» HOW TO COMPLETE THIS TASK
Of all the lines in these entries, count those that contain "recorrido" and give only the total.

» THE INPUT

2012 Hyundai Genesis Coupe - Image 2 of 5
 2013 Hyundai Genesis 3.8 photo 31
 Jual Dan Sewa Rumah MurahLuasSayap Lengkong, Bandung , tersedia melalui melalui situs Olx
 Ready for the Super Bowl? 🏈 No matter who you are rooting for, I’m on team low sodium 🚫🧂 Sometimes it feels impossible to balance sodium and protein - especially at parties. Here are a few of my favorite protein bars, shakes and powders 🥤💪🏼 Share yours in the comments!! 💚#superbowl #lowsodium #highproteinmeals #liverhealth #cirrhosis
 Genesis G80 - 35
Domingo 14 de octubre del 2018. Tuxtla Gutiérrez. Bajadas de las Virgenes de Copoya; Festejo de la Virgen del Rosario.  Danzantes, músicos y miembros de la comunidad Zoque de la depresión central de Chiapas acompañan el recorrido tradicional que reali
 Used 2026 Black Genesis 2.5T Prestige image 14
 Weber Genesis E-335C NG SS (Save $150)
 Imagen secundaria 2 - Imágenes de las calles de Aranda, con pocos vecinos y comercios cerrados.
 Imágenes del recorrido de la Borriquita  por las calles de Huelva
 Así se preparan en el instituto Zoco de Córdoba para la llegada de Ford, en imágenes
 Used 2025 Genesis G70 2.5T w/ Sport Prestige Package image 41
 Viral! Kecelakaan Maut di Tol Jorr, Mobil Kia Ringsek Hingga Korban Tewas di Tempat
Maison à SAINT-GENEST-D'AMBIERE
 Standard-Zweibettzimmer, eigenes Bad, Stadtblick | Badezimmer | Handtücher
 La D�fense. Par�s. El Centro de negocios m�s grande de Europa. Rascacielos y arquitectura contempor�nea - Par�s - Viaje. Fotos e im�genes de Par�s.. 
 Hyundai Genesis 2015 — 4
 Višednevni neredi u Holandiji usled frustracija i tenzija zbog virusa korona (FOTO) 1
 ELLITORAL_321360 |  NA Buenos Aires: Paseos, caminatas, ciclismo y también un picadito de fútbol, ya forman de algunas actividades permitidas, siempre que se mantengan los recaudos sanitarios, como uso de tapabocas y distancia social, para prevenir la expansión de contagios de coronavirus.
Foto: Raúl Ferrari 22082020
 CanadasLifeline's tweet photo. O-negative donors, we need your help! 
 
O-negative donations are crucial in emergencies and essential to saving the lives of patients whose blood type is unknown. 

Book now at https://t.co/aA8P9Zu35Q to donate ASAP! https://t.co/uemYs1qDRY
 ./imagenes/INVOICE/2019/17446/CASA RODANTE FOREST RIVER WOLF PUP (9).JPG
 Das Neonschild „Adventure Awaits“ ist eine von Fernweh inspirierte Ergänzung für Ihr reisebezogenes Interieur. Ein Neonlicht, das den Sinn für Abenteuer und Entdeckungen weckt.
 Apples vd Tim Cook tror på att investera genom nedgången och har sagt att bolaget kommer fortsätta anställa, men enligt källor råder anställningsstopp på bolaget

» ANSWER
2